Andrew has deep experience in public pensions, having arrived in Denver from Austin, where he was the Deputy Director of the Teacher Retirement System of Texas (TRS). Prior to that, he served as the Benefits and Services Executive Officer at the California State Teachers’ Retirement System (CalSTRS). Further evidencing his leadership role in the world of institutional investors, Andrew was recently elected to the Board of Directors of the Council of Institutional Investors (CII).
As you approach your first anniversary, how are you finding the transition to PERA, which is a bit smaller than TRS, but no less focused on the members and beneficiaries?

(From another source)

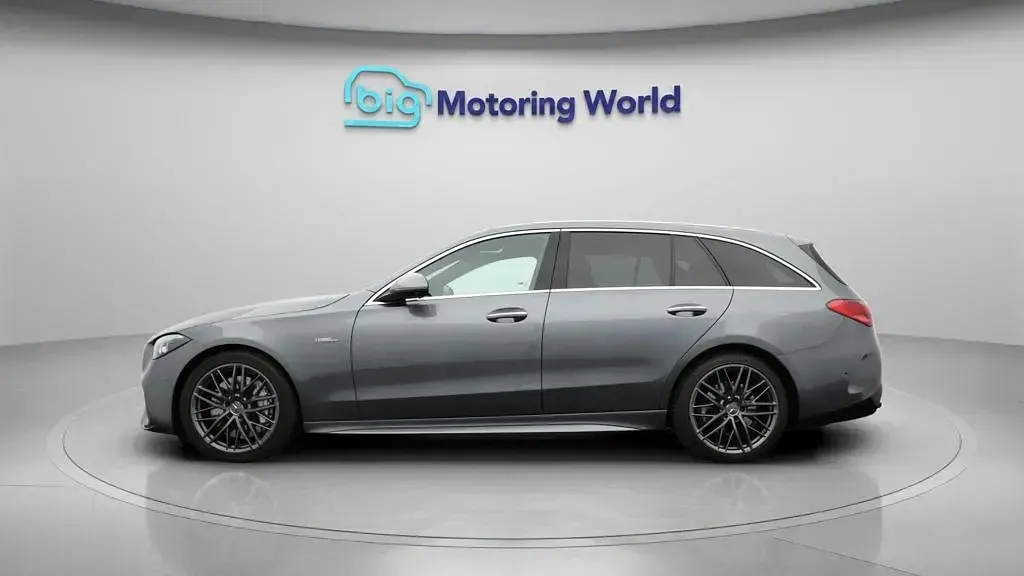 Used Mercedes C43 AMG Premium 408 HP (300 kW) 2023 Grey Estate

The transition from TRS to PERA has been greatly facilitated by a terrific executive team, supportive Board, and welcoming stakeholders. While PERA is a smaller organization than either CalSTRS or TRS in terms of assets under management and the number of both members and beneficiaries, what strikes me as unique is the complexity of the plan. Five divisions within the plan means five sets of distinct stakeholders, each with their own set of concerns. Complexity aside, PERA, like CalSTRS and TRS, is hyperfocused on its members, beneficiaries, and mission, which drives a strong collaborative culture that makes working here a rewarding experience.
What would you say are the biggest challenges you are facing in 2025 as you assist the PERA Board in fulfilling their fiduciary responsibilities?
The biggest challenge we’re facing in 2025 is the volatility in the market. PERA’s funded status is below the median of US Public Pension funds, which amplifies market uncertainties and swiftly captures the attention of the plan sponsor (the Colorado General Assembly) and our stakeholders. A big part of my job involves supporting PERA’s Board of Trustees with helpful information and guidance on complex investment, actuarial, and fiduciary concepts; when there’s a lot of noise generated by relatively short-term market events, that cacophony can distract and disrupt focus on PERA’s 30-year horizon and working toward the full funding of the plan.
Direction from Washington reflects very different approaches from those of the recent past, especially with changes in regulatory and economic priorities. How is PERA accommodating these adjustments in its planning?
Great question. PERA has historically, and continues to be, focused on generating the best risk-adjusted returns possible. We pay close attention to regulatory changes and economic priorities in both our state as well as in Washington. Shifts in priorities from either place result in the executive team and Board of Trustees making policy decisions as appropriate to accommodate the policy requirements generated either by our plan sponsor in the Colorado Legislature or by the federal government. PERA’s talented investment team’s focus on investing in what we know has served us well regardless of which direction the political winds blow.
There’s no doubt that the focus on ESG & DEI priorities has changed significantly in the current political climate. In what way should institutional investors focus on developments in this area?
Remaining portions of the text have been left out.